Below are entries with pictures among them; reproduce exactly, and only, the lines from the one containing "Athlet, römische Kopie" down to the one containing "Veolia Towers Hamburg in", without the pictures.
--- RECORDS FOR PROCESSING ---
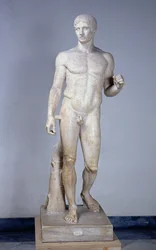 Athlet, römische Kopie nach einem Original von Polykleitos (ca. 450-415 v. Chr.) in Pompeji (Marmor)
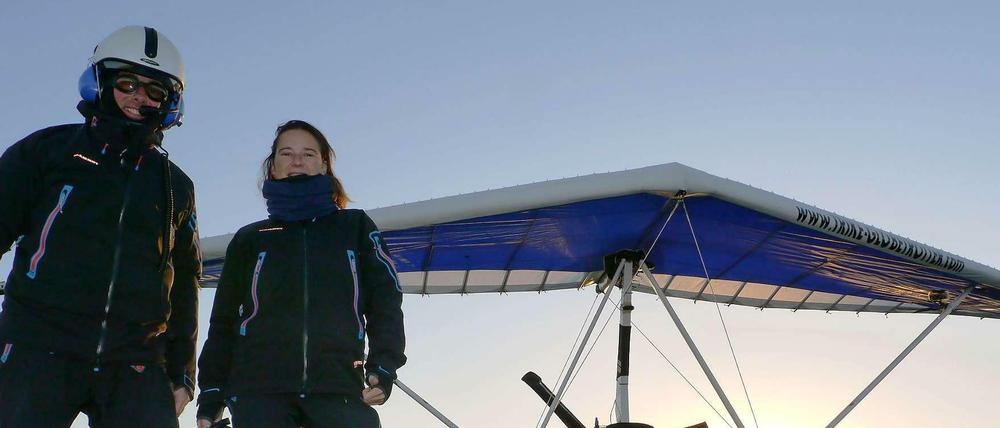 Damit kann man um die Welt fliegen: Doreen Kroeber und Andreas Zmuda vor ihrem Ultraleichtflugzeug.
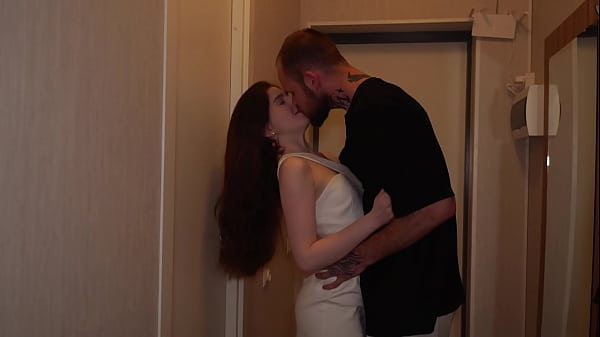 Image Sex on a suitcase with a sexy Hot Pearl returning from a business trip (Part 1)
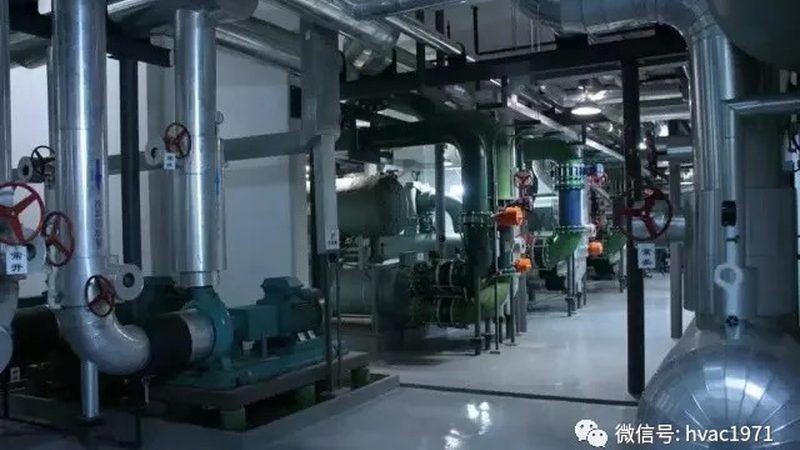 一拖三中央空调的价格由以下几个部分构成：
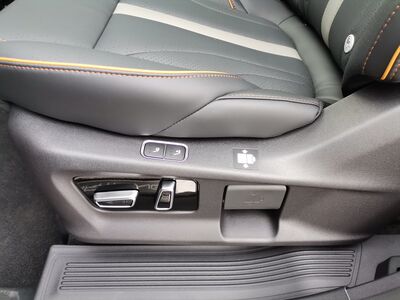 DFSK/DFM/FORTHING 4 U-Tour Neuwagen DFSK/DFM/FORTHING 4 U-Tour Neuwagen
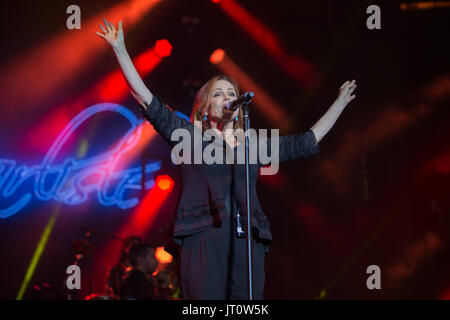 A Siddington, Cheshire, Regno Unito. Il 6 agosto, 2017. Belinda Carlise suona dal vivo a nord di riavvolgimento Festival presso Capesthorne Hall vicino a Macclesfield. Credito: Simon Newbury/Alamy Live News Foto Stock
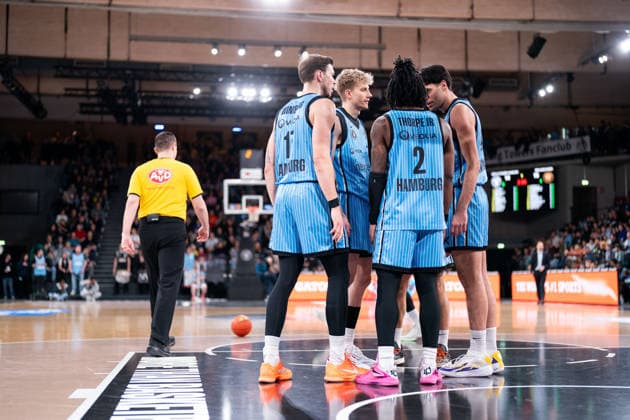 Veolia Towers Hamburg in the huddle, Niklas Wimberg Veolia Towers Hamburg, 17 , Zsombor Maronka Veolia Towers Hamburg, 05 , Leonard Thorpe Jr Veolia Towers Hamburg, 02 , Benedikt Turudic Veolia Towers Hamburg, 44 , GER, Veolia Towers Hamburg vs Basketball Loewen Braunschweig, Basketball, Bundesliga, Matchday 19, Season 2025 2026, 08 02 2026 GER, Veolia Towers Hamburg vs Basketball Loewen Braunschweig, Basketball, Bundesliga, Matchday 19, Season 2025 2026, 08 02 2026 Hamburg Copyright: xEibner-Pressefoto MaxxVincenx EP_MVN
---
--- RECORDS FOR PROCESSING ---
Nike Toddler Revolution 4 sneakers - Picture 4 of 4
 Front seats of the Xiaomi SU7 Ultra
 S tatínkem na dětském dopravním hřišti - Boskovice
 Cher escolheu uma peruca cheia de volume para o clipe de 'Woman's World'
---
> ANSWER TO THIS PROBLEM
 Athlet, römische Kopie nach einem Original von Polykleitos (ca. 450-415 v. Chr.) in Pompeji (Marmor)
 Damit kann man um die Welt fliegen: Doreen Kroeber und Andreas Zmuda vor ihrem Ultraleichtflugzeug.
 Image Sex on a suitcase with a sexy Hot Pearl returning from a business trip (Part 1)
 一拖三中央空调的价格由以下几个部分构成：
 DFSK/DFM/FORTHING 4 U-Tour Neuwagen DFSK/DFM/FORTHING 4 U-Tour Neuwagen
 A Siddington, Cheshire, Regno Unito. Il 6 agosto, 2017. Belinda Carlise suona dal vivo a nord di riavvolgimento Festival presso Capesthorne Hall vicino a Macclesfield. Credito: Simon Newbury/Alamy Live News Foto Stock
 Veolia Towers Hamburg in the huddle, Niklas Wimberg Veolia Towers Hamburg, 17 , Zsombor Maronka Veolia Towers Hamburg, 05 , Leonard Thorpe Jr Veolia Towers Hamburg, 02 , Benedikt Turudic Veolia Towers Hamburg, 44 , GER, Veolia Towers Hamburg vs Basketball Loewen Braunschweig, Basketball, Bundesliga, Matchday 19, Season 2025 2026, 08 02 2026 GER, Veolia Towers Hamburg vs Basketball Loewen Braunschweig, Basketball, Bundesliga, Matchday 19, Season 2025 2026, 08 02 2026 Hamburg Copyright: xEibner-Pressefoto MaxxVincenx EP_MVN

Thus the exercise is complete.